It also, like it sounds like for you as well, it gave you a label for what you were doing or how you identified yourself and it helped you find other people probably who felt the same way and shared that interest. When you have those moments, and often books support them and supply them, it really does move things forward. I’ve seen it with other books as well. There’s these defining titles that really suddenly make people go, Ah ha! That’s what it’s called. That’s what I do. Let me find other people like me and do even more.”
Alison Jones: Yeah, I love that idea that it becomes a kind of crystallising node that, “Ah, yes, okay so we can all rally to this new thing.

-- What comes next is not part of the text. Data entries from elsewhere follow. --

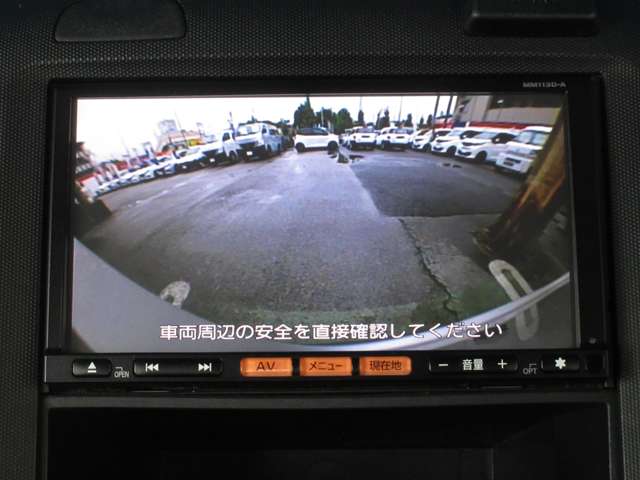 複数画像5
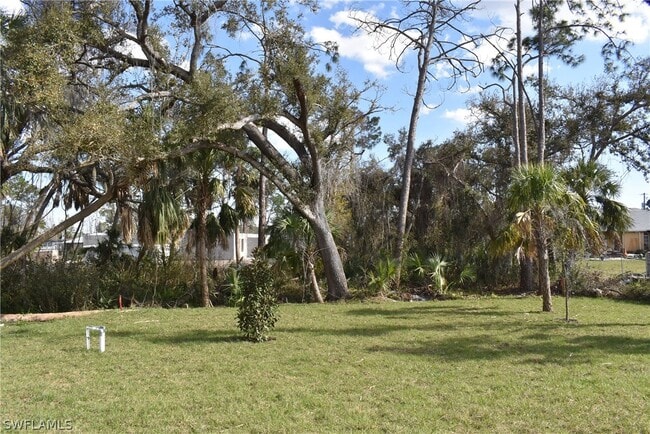 Building Photo - 2140 Yalta Terrace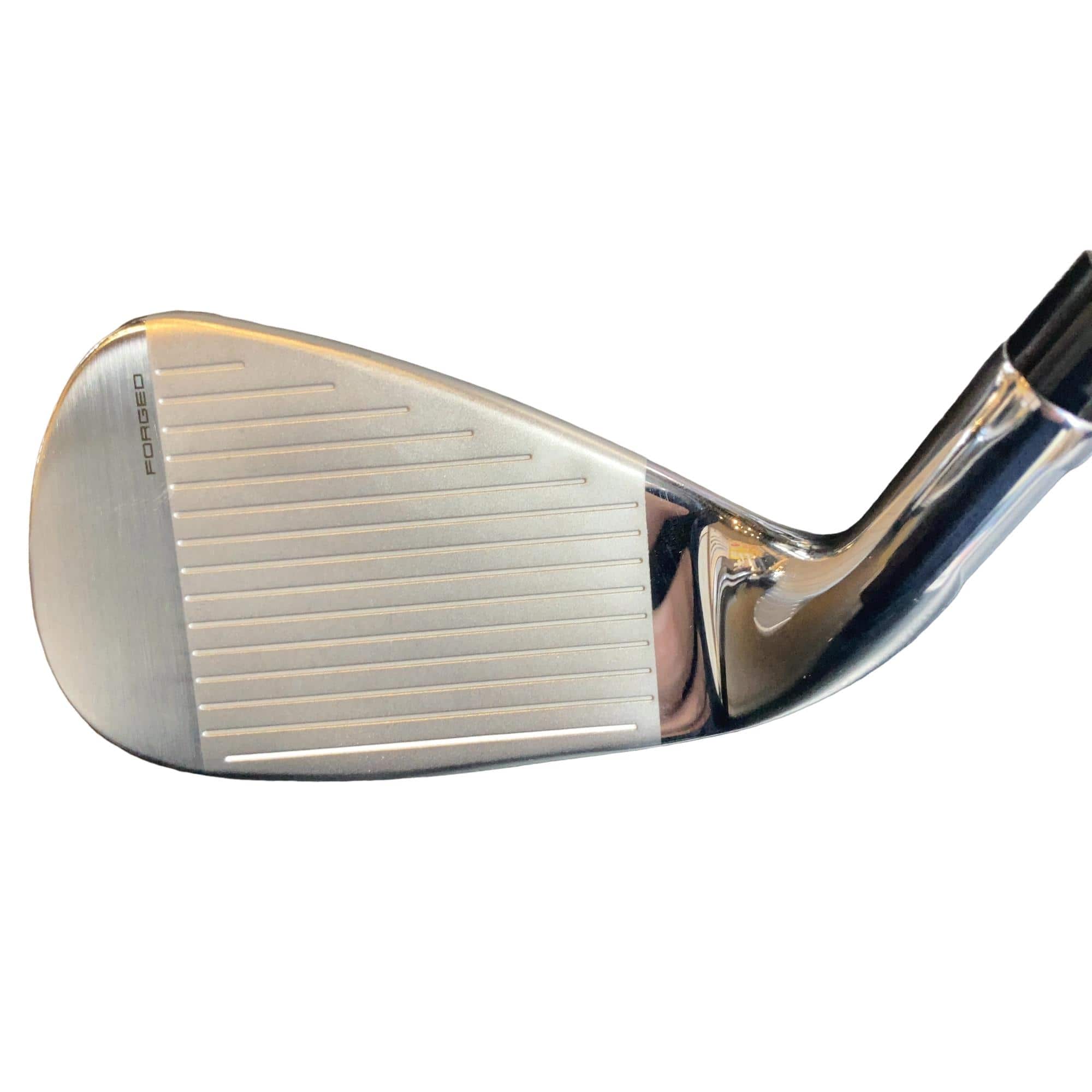 �r�s�d�`�k�s�g�@�f�k�n�h�q�d�@�T�r�i���{���F�T�{�Z�b�g�j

We know what it is and we know that, that’s what we do, even though we haven’t articulated it before.” I think it’s something that authors do occasionally, is actually sort of create the word for a thing that everybody knew but nobody had quite labelled. Suddenly once you have a label for it, the conversation can just move forward in leaps and bounds. It’s almost like when Bannister broke the 4-minute mile. Suddenly everybody was doing it.
Louis Rosenfeld: Right.
Alison Jones: You create the thing and now that we have the language, we can think about it more articulately.
Louis Rosenfeld: Well, and that’s something I try to do as a publisher now, just to get back to your original question. I’m constantly encouraging authors to not try to answer all the important questions but to help people ask the important questions in a way that they can do with other people and to have better conversations. It’s not so much about the answers but it’s about the questions that other people, the readers ideally can answer on their own.
Alison Jones: Yes, that’s a nice way of putting it. Let’s talk about Rosenfeld Media. What was it that made you take that step from writer to publisher? I know there was a lot in between. I do get that but what was your vision when you founded the company because it is very distinctive, isn’t it?
Louis Rosenfeld: Well, when I started, I had this, you know like a lot of entrepreneurs, you get an idea and it feels almost feverish like it catches you or you catch it. It’s like an illness. It starts to consume you and I tried to stuff it back down and I couldn’t. It just seemed like, “Oh my God, I’ve got to do this. We really need to have more user experience books for this field, this community, whatever we call it. It’s starting to really come together and I want to be there and I want to help people do better work by giving them really good expertise.” I actually talked to Tim O’Reilly about it a little bit. He is one of my role models and he said, “Yep, a lot of publishers are simply frustrated authors.” I was feeling that as well.
Alison Jones: So true.
Louis Rosenfeld: I actually explored doing this series with some established publishing houses and there was all risk and not that much reward. I had already been through starting a couple business in the past so I figured, “Well, I guess this is the next one I’ll do and rather than work so hard for someone else, I might as well work hard for myself.” I still think we’re reinventing publishing. I’m not even sure the word publish means anything like it did 10 or 15 years ago. It shouldn’t really. I felt like the traditional publishing model, which to my mind emphasised quantity over quantity, is really broken. It’s not anything I really want to be affiliated with so we’ve very studiously avoided that approach and taken a very different one. I can’t say I’m ready to retire but I can look back on the last 11 or so years we’ve been doing this and feel good about the work. I think the quality is there and hopefully through persistence we’ll continue to grow and at some point maybe I will retire and not in a destitute fashion.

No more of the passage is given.